*YOUR OBJECTIVE*:
A word-for-word copy of the data, with no images, is the required answer.

*DATASET CONTENT*:
════════════════

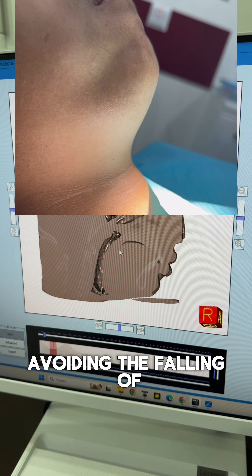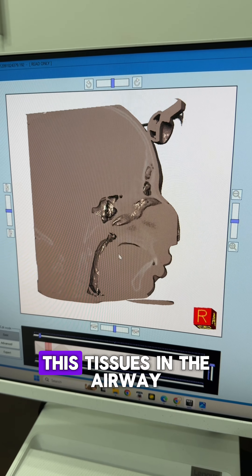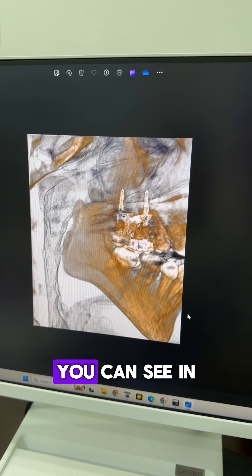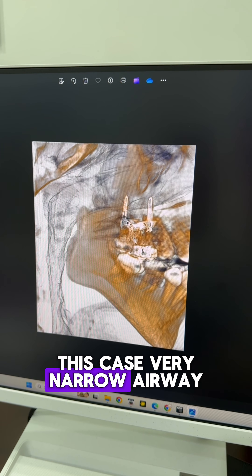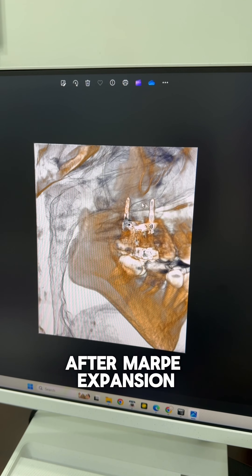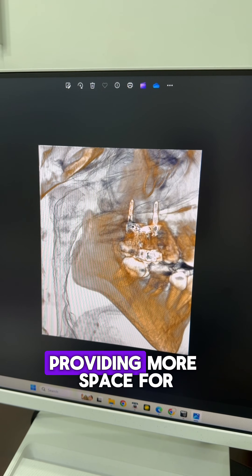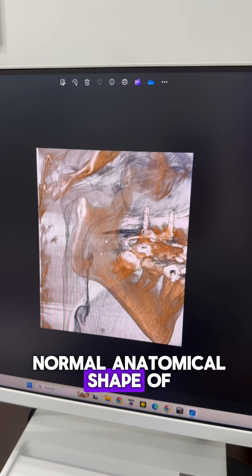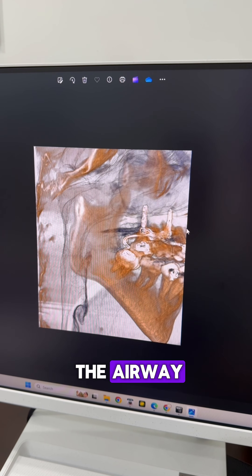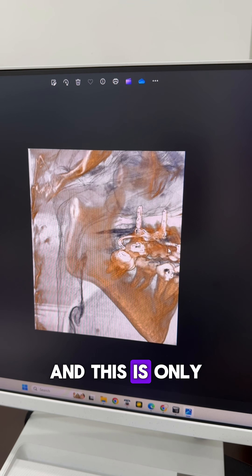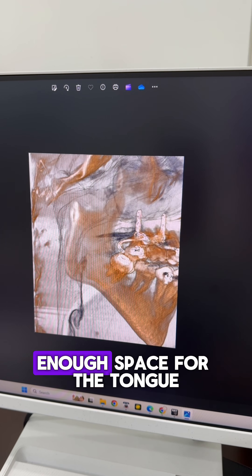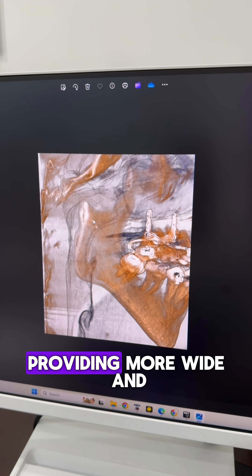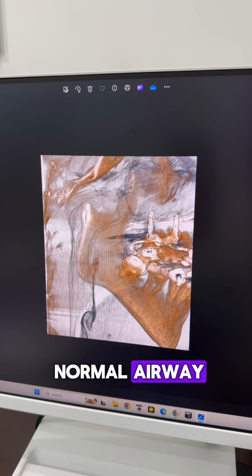This avoids the falling of these tissues into the airway, which causes sleep apnea. You can see in this case a very narrow airway. After MARPE expansion, more space is provided for the tongue — you can see the normal anatomical shape of the airway. This is achieved simply by providing enough space for the tongue, strengthening the muscles, and creating a wider, more normal airway.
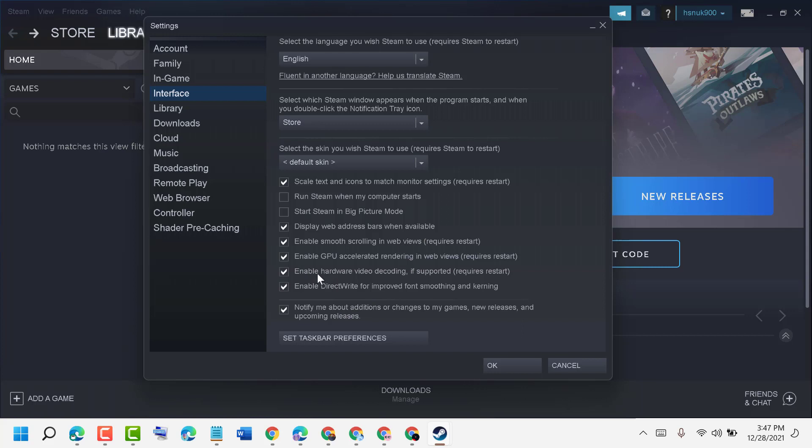Here is the option 'Enable GPU accelerated rendering in web views' which requires a restart.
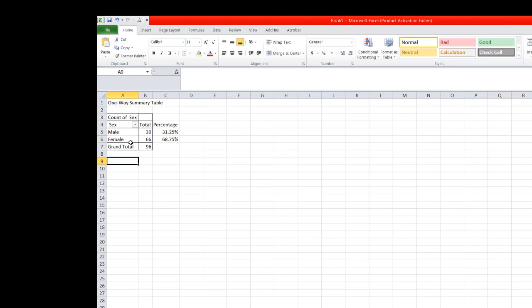So the table tells us that out of 96 participants, there are 30 male participants and 66 are female. This is equivalent to 31.25% male, and 68.75% female.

════════════════

*RESULT*:
This avoids the falling of these tissues into the airway, which causes sleep apnea. You can see in this case a very narrow airway. After MARPE expansion, more space is provided for the tongue — you can see the normal anatomical shape of the airway. This is achieved simply by providing enough space for the tongue, strengthening the muscles, and creating a wider, more normal airway.
Here is the option 'Enable GPU accelerated rendering in web views' which requires a restart.
So the table tells us that out of 96 participants, there are 30 male participants and 66 are female. This is equivalent to 31.25% male, and 68.75% female.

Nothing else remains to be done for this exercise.